[Instructions to follow]
Once the line containing "mesenteric thickening and" is found, please set it down along with each following line, exactly, to the end of the material.
▬▬▬▬▬▬▬▬▬▬
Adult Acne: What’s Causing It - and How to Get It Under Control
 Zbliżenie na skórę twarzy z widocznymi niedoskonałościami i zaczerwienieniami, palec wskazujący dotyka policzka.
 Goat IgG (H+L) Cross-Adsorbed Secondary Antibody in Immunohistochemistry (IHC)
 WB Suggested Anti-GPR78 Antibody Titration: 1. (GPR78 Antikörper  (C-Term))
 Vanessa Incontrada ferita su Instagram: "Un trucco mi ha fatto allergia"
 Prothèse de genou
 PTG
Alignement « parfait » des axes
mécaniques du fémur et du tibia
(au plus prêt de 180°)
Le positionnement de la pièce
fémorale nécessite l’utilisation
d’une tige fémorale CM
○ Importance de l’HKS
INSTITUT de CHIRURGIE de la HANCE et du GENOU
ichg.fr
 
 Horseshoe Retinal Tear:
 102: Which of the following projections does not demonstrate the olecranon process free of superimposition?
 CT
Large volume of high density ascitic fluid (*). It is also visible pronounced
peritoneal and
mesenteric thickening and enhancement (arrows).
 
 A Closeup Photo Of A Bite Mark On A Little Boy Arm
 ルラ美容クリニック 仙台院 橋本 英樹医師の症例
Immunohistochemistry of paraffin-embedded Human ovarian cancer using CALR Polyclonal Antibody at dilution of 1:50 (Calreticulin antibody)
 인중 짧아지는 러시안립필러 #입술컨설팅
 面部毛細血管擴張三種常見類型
▬▬▬▬▬▬▬▬▬▬
[Response to this exercise]
mesenteric thickening and enhancement (arrows).
 
 A Closeup Photo Of A Bite Mark On A Little Boy Arm
 ルラ美容クリニック 仙台院 橋本 英樹医師の症例
Immunohistochemistry of paraffin-embedded Human ovarian cancer using CALR Polyclonal Antibody at dilution of 1:50 (Calreticulin antibody)
 인중 짧아지는 러시안립필러 #입술컨설팅
 面部毛細血管擴張三種常見類型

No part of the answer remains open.